Великая Охота - Страница 86


К оглавлению

86

Однажды к палатке, которую Эгвейн делила с Найнив, подошел Лан и, подозвав Мудрую, отошел с нею чуть поодаль. Эгвейн всматривалась в ночь мимо откинутого клапана палатки. О чем они говорили, Эгвейн не слышала, но под конец разговора Найнив взорвалась в гневе, вернулась в палатку, завернулась в одеяла и в корне пресекла любые попытки с ней заговорить. Эгвейн показалось, что щеки у Найнив мокры, хотя та и прятала лицо под уголком одеяла. Лан еще долго стоял в темноте и смотрел на палатку. Ушел он не скоро. После этого он больше не приходил.

Морейн к двум двуреченкам не подходила, лишь кивком приветствовала, проходя мимо. Похоже, все время она разговаривала с другими Айз Седай — со всеми, кроме Красных сестер, — отъезжая с ними немного в сторону от колонны. Амерлин позволяла несколько раз останавливаться для отдыха, но весьма ненадолго.

— Может, у нее на нас и свободной минутки больше нет, — с грустью заключила Эгвейн. Морейн была единственной знакомой ей Айз Седай. Вероятно, — хотя ей не хотелось этого признавать, — единственной, кому она с уверенностью могла доверять. — Она нас нашла, и вот мы на пути в Тар Валон. Теперь у нее и другие дела появились, ей не до нас.

Найнив тихо хмыкнула:

— Я поверю, что ей нет до нас дела, только когда она умрет — или мы. Скрытничает она, хитрюга этакая.

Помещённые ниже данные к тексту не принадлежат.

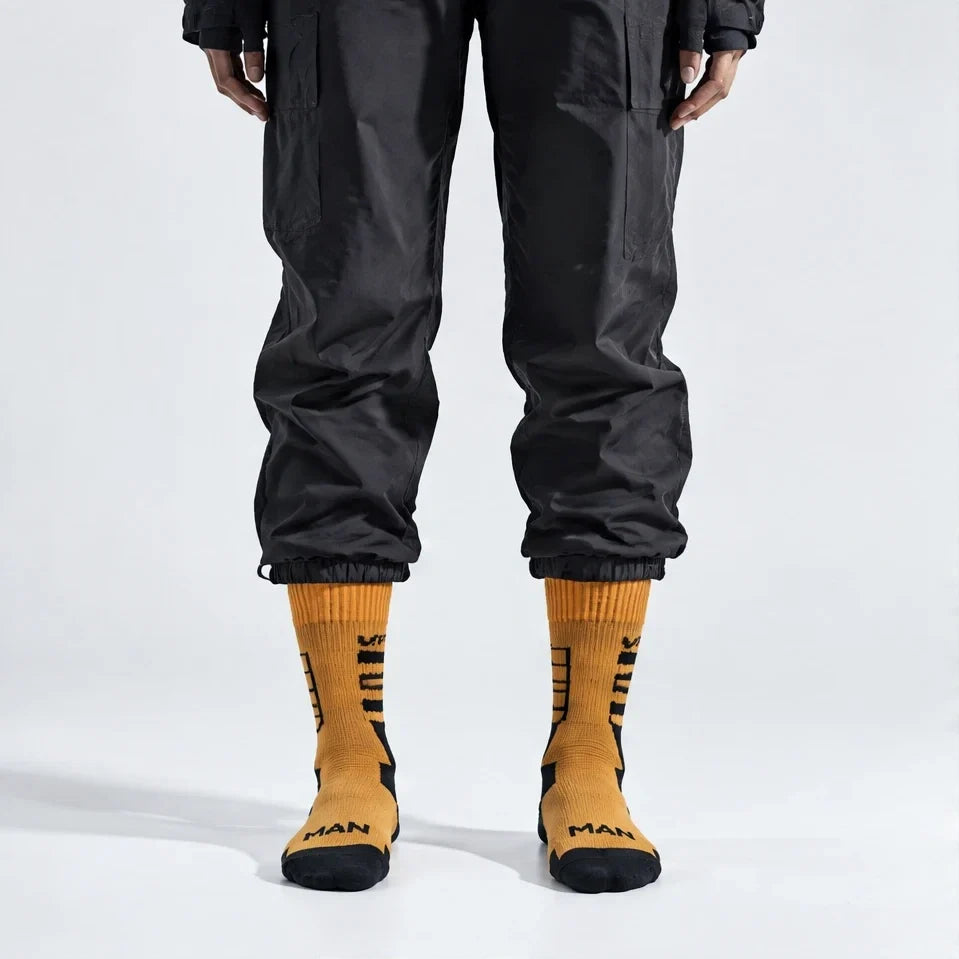 Wath - Unisex High-Barrel Waterproof Socks - Orange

К ним в палатку приходили другие Айз Седай. Той первой ночью после отъезда из Фал Дара Эгвейн чуть до небес не подпрыгнула, когда полог откинулся и в палатку, пригнувшись, шагнула пухлая, широколицая Айз Седай, с седеющими волосами и отстраненно-рассеянным взглядом темных глаз. Она глянула на лампу, висящую под пологом палатки, и пламя стало чуть больше. Эгвейн показалось, будто она что-то почувствовала, ей показалось, будто она что-то увидела вокруг Айз Седай, когда пламя стало ярче. Помнится, Морейн говорила, что однажды, — когда девушка будет более тренирована, — Эгвейн сумеет увидеть, когда другая женщина станет направлять, и будет в состоянии указать на женщину, способную направлять, даже если та ничего и не делает.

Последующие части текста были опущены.